_Aim of the task:_ From the data below, return only the lines from the one with "Socket wrench insert" through the one with "Кронштейн приемной трубы", exact and inclusive, with pictures left out.

_Data for analysis:_
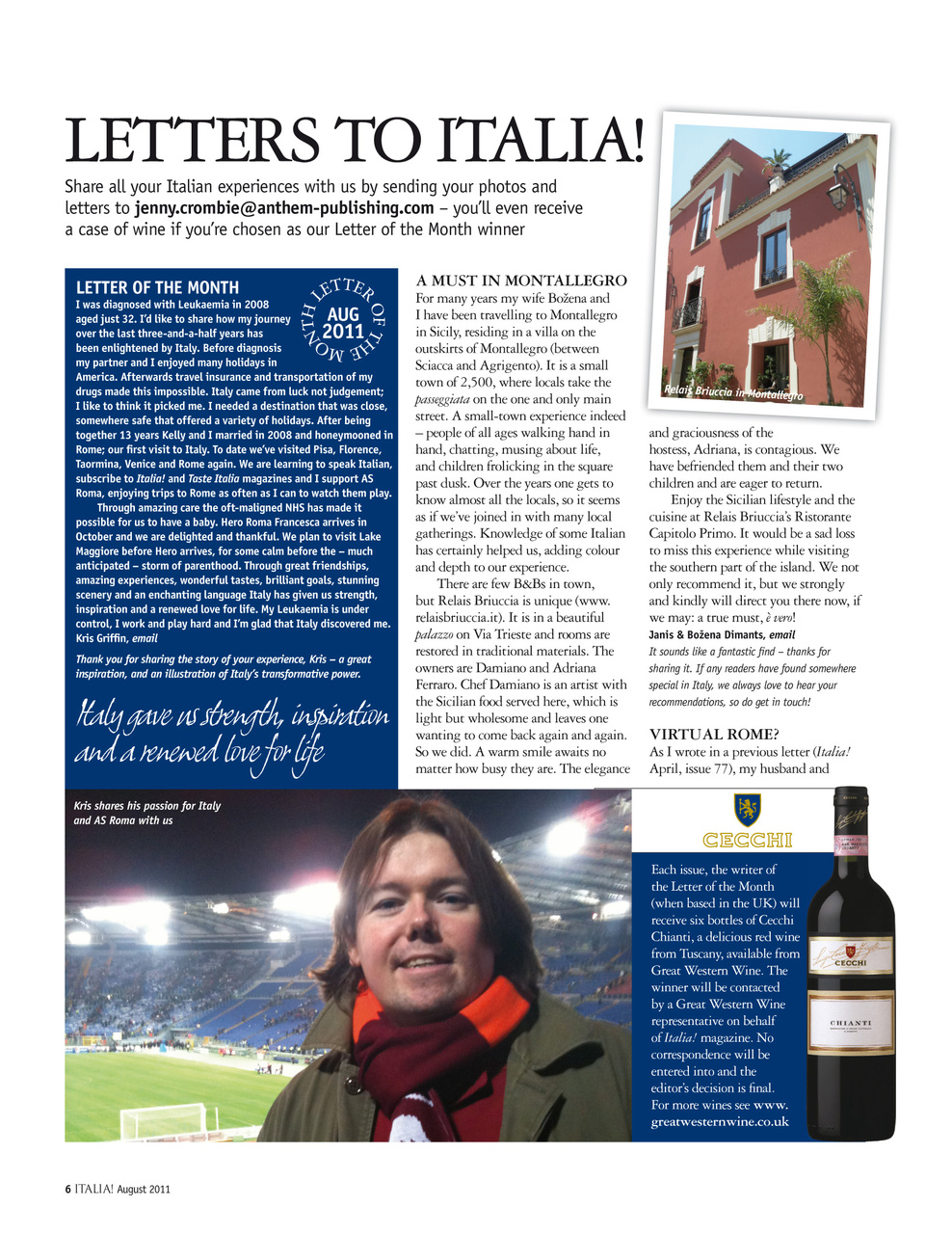 Italia! Preview Pages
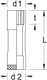 Socket wrench insert 1/2" long UD profile 17 mm - 6140330 (2) (Thumbnail)
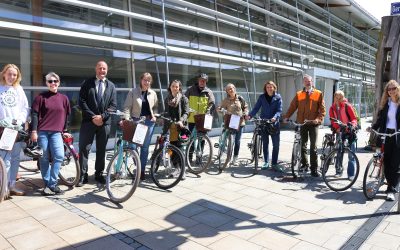 TH Rosenheim startet Bikesharing für Campus-Mobilität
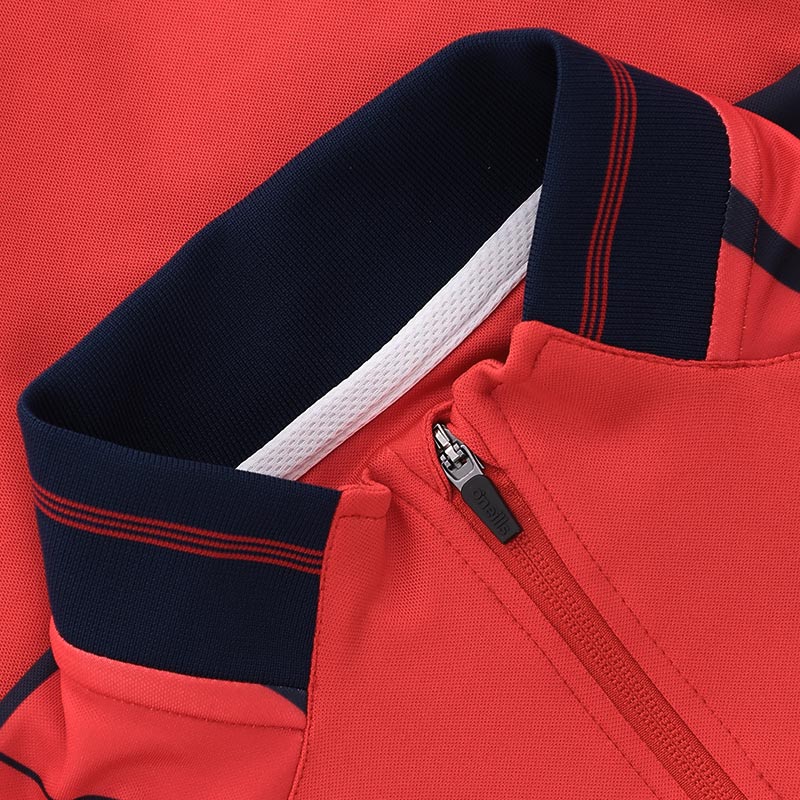 Kids Shelbourne FC Players Training Half Zip Top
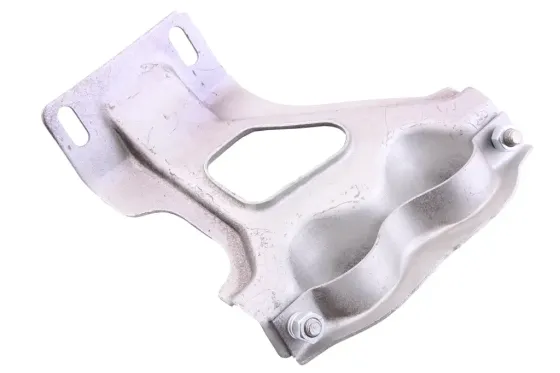 Кронштейн приемной трубы 2110 с зажимом МеталлШтамп Винница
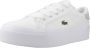 Lacoste Platform Sneakers voor vrouwen White Dames - Thumbnail 3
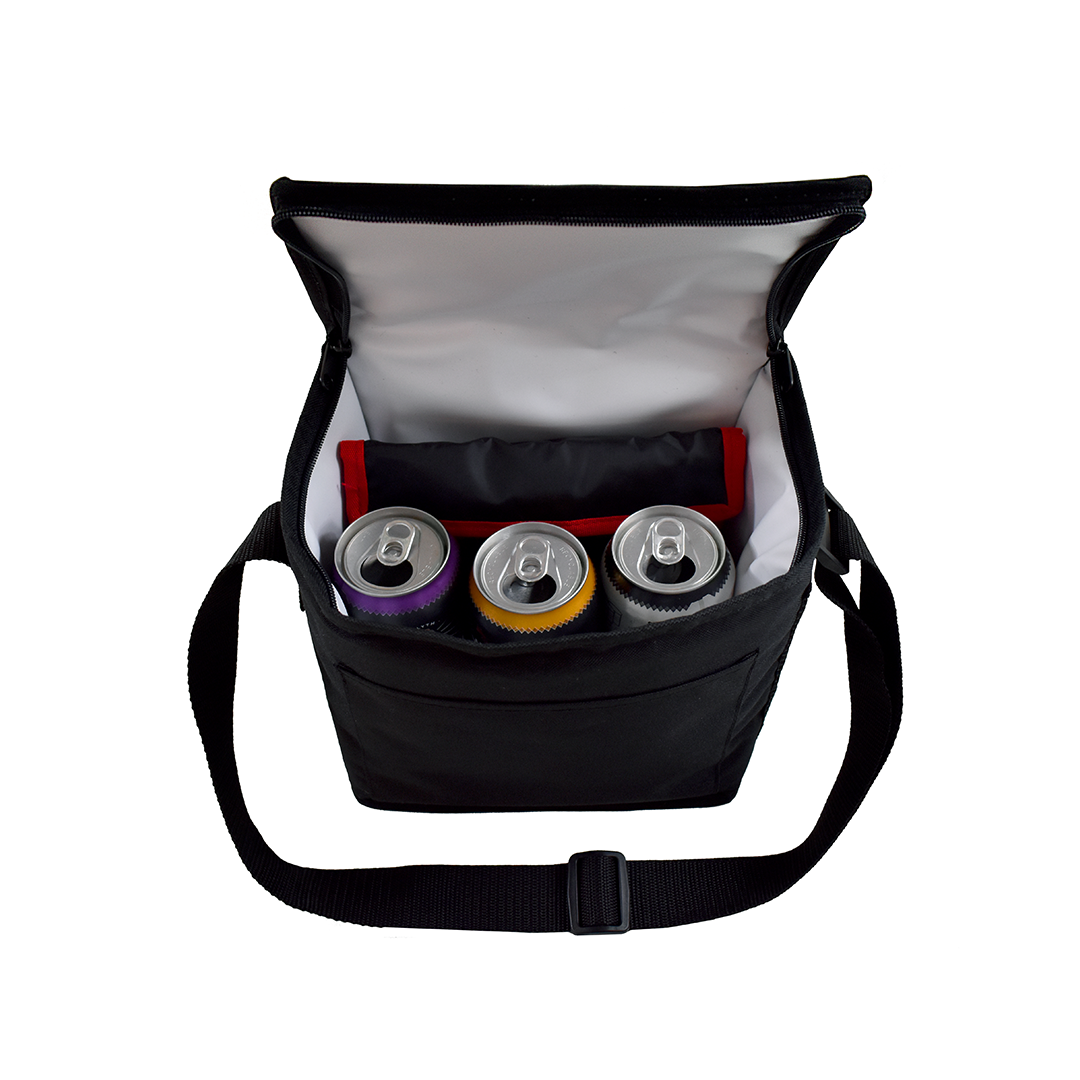 Made In Canada Recycled PET 6 can cooler – IN STOCK -SD1550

_Task response:_
 Socket wrench insert 1/2" long UD profile 17 mm - 6140330 (2) (Thumbnail)
 TH Rosenheim startet Bikesharing für Campus-Mobilität
 Kids Shelbourne FC Players Training Half Zip Top
 Кронштейн приемной трубы 2110 с зажимом МеталлШтамп Винница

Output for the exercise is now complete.